Cox tried unsuccessfully to land lang for the 2011 VIMF.
“They actually phoned this year after they saw who we had last year (including Alison Krauss and Union Station, David Crosby and Rodney Crowell) and said she wants to come to it this year.”
Cox said the big-voiced singer originally from small-town Alberta could do just stadiums and concert halls if she wanted to, but she began last year to return to her roots.
“She came from the Canadian folk festival world … and that kind of kicked off her career. As a gift to the festivals, she’s coming back and revisiting her roots. She played quite a few festivals last year.”
He said her asking price is less than she could command, making her affordable for events such as MusicFest.

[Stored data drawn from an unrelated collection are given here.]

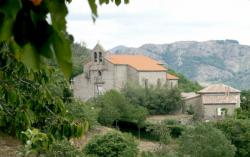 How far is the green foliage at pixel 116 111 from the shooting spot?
43688 mm

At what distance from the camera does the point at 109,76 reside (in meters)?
62.0

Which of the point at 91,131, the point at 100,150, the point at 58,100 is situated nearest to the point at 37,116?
the point at 58,100

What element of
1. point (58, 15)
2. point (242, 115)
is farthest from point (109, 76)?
point (58, 15)

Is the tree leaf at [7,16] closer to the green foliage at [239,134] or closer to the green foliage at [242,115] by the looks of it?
the green foliage at [239,134]

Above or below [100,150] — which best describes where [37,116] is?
above

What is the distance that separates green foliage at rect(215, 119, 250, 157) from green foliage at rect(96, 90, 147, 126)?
8810mm

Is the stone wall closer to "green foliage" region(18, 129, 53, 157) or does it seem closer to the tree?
"green foliage" region(18, 129, 53, 157)

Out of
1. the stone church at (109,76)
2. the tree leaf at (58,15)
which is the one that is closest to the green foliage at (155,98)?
the stone church at (109,76)

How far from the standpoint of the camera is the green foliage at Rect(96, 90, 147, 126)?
43688 mm

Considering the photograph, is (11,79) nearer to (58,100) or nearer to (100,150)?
(58,100)

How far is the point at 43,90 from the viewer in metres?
6.46

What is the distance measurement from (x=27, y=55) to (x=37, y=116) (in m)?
5.61

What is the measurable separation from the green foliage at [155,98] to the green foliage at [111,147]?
2264cm

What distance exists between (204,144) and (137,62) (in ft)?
120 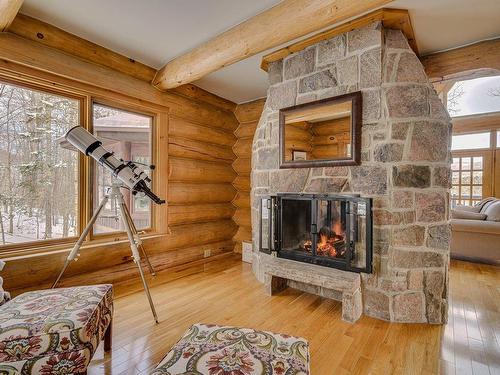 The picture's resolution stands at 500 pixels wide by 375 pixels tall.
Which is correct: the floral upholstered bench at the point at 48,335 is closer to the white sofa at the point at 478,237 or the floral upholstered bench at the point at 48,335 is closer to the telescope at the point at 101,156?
the telescope at the point at 101,156

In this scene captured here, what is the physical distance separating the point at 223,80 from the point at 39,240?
2666 mm

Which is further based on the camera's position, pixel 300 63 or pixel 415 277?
pixel 300 63

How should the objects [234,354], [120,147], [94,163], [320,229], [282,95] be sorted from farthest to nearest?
[120,147], [282,95], [94,163], [320,229], [234,354]

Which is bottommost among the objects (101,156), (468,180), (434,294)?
(434,294)

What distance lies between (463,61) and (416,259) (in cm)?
203

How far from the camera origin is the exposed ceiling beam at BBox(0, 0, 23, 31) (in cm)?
173

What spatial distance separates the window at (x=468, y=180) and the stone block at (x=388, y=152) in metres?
5.33

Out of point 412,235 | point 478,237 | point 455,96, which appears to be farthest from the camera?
point 455,96

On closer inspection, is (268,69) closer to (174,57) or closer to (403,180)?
(174,57)

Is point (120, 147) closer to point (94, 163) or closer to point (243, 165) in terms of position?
point (94, 163)

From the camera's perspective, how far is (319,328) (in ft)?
6.50

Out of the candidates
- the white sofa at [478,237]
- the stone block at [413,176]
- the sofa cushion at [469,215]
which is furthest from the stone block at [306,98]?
the sofa cushion at [469,215]

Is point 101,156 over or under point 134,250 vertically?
over

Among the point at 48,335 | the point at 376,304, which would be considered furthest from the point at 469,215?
the point at 48,335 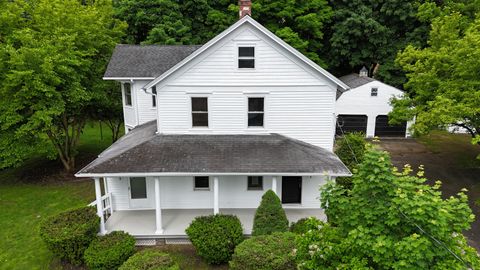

That’s not to say she’s restricting herself to festivals, because a tour of almost two months late last year began with 19 U.S. dates, including the historic Ryman Auditorium in Nashville and the legendary Fillmore in San Francisco.
The tour concluded with 11 gigs in Australia.
Beside MusicFest, lang’s website (www.kdlang.com) mentions three other confirmed 2012 gigs, including the Telluride Bluegrass Festival in Colorado.
At MusicFest, lang will be accompanied by her current band Sis Boom Bang composed of young multi-instrumentalist Americans Joe Pisapia, Daniel Clarke, Fred Eltringham, Josh Grange and Lex Price.
“It’s supposed to be a rockin’ show,” Cox said, adding that lang will close this year’s Courtenay festival on the Friday night.
“We normally have had our headliners come second last, but one of the other festival directors I talked to who had her at their festival last year said nobody would want to follow her.”
The headliner is riding positive reviews for her 2011 release Sing It Loud.
Calling it his biggest surprise of 2011, James Reed of the Boston Globe said, “Backed by a lean new band that knew how to frame and complement that big voice of hers, lang returned to form with an album that easily ranks as her most memorable in at least a decade.”
The restless singer, unwilling to stand still musically for long has come a long way in 25 years from the kitsch of her early alt-country style, evolving steadily through classic country with a Patsy Cline tribute (Shadowland), torch singing (Ingenue), theme albums (Drag) and Hymns of the 49th Parallel as well as other styles that included bossa nova and electronics.
A gifted interpreter, lang has sung songs by composers ranging from Steve Miller, Air Supply, Neil Young and Leonard Cohen.
A dream pairing with the late Roy Orbison resulted in a definitive version of his classic song Crying.
She has also dueted with singers as diverse as Jane Siberry, Bonnie Raitt, Elton John and Tony Bennett.
Her resumé includes three Grammys, eight Junos and the Order of Canada.
Other performers already announced for the festival from July 6 to 8 at the Comox Valley Exhibition Grounds include Buffy Sainte-Marie, Matt Andersen, Sam Baker, the Blackwood Two, Girlyman, Linda McRae, New Country Rehab, Red Chamber, Bob Stark and the 24th Street Wailers.
Cox promises other announcements about headliners, whom he said excite him as much as lang does.
“One of them is, in my mind, an equal status headliner. And another one … I think she’s one of the most interesting artists on the planet. She’s never played a festival before.”